<center> <h1> Prompt Engineering with Open-Source Large Language Models (LLMs) using HuggingFace Serverless APIs</h1> </center>

<p style="margin-bottom:1cm;"></p>

_____


In this notebook we will learn how to run any open-source LLMs via HugginFace Inference APIs using this colab notebook. You can run this notebook in your local server also without worrying about having enough infrastructure to run these models!

Thankfully HuggingFace has made its [__Inference API__](https://huggingface.co/docs/api-inference/quicktour) free to use with some basic rate limits etc. in place so you don't end up making unlimited requests on it's servers.

The best part is you can access 150,000+ deep learning models without worrying about your infrastructure.

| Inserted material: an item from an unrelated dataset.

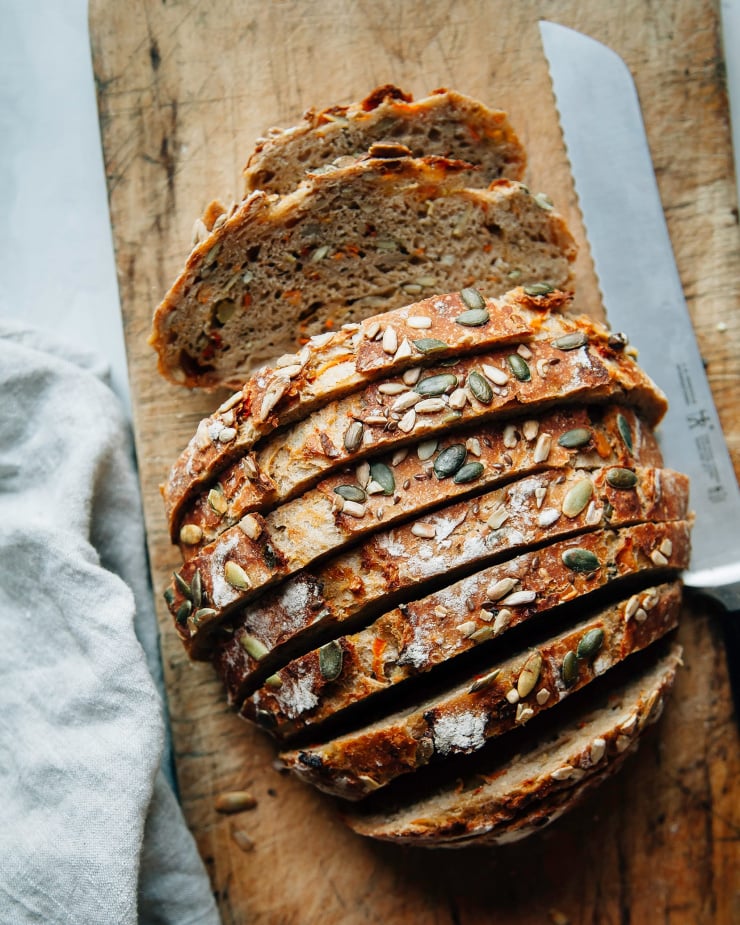 Overhead shot of sliced no knead marathon bread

The models we will be trying here include:

- __[Mistral-7B-Instruct-v0.2](https://huggingface.co/mistralai/Mistral-7B-Instruct-v0.2)__ model which is a 7B parameters transformer LLM built by the French young company [MistralAI](https://mistral.ai/company/)  is a instruct fine-tuned version of the [Mistral-7B-Instruct-v0.1](https://huggingface.co/mistralai/Mistral-7B-Instruct-v0.1) which is based on their first [Mistral-7B-v0.1](https://huggingface.co/mistralai/Mistral-7B-v0.1) generative text model using a variety of publicly available conversation datasets.

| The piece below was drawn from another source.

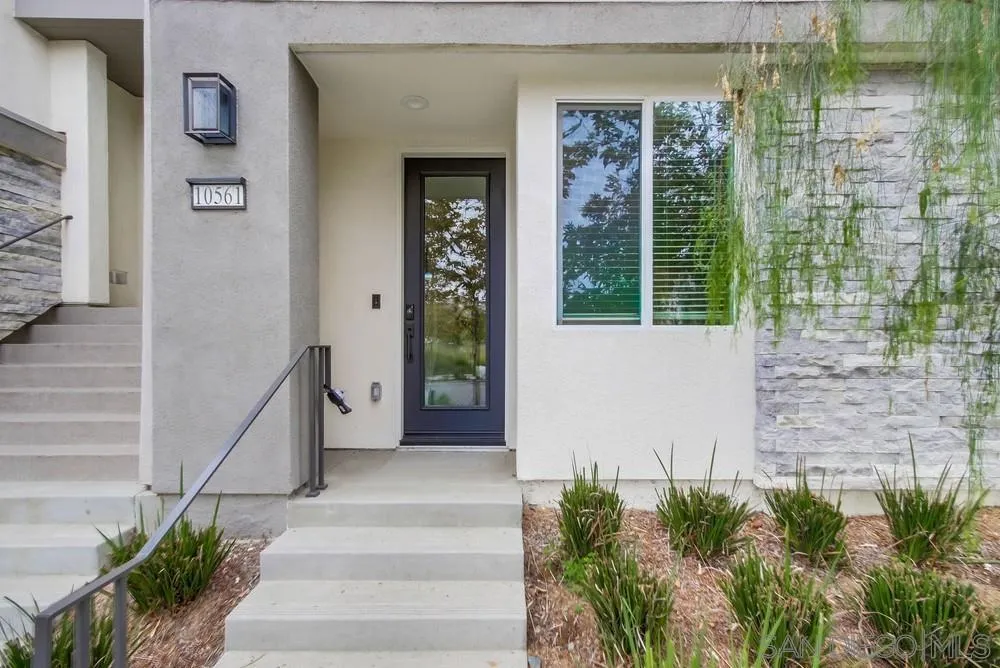 Photo #3: 250041035 Listing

- __[gemma-2b-it ](https://huggingface.co/google/gemma-1.1-2b-it)__ is a part of Google's gemma series, a 2 billion parameter transformer model fine-tuned for instruction-following tasks, enabling it to handle a wide array of complex language processing activities.



__You just need an internet connection and a HuggingFace Account and API Key to use these models.__


## Get your API Key

Remember to go to your [HuggingFace Account Settings](https://huggingface.co/settings/account) and generate an API key by creating a new token from the [Access Tokens](https://huggingface.co/settings/tokens) section.

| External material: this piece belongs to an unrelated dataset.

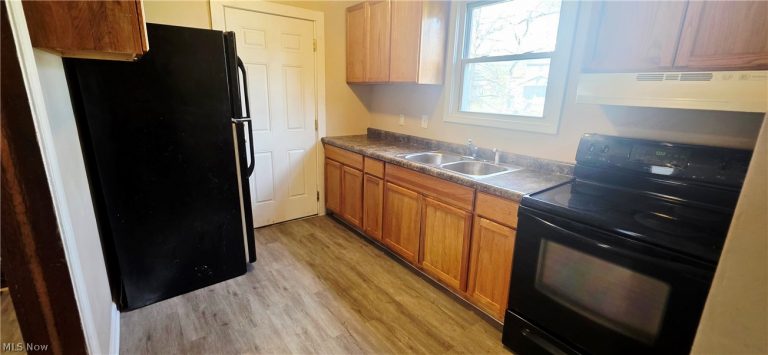 147 Brighton Drive, Akron, OH - Photo 8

## Load HuggingFace API Credentials

Enter your key from [here](https://huggingface.co/settings/tokens)

In [1]:
from getpass import getpass

API_KEY = getpass("Enter HuggingFace API Key: ")

Enter HuggingFace API Key:  ········


### Create LLM API Access Function

Here we create a basic function which can access any LLM API endpoint available on HuggingFace.

For more details refer to the [detailed documentation](https://huggingface.co/docs/api-inference/detailed_parameters#text-generation-task) as needed.

In [2]:
import requests

headers = {"Authorization": "Bearer "+API_KEY}

def query(payload, MODEL_API_URL):
  response = requests.post(MODEL_API_URL, headers=headers, json=payload)
  print('API Response:', response)
  return response.json()

## Create LLM API Access Config

Here we decide which LLMs we will access by getting their inference API endpoints.

We also set some general configuration settings. You can find the [detailed documentation](https://huggingface.co/docs/api-inference/detailed_parameters#text-generation-task) here.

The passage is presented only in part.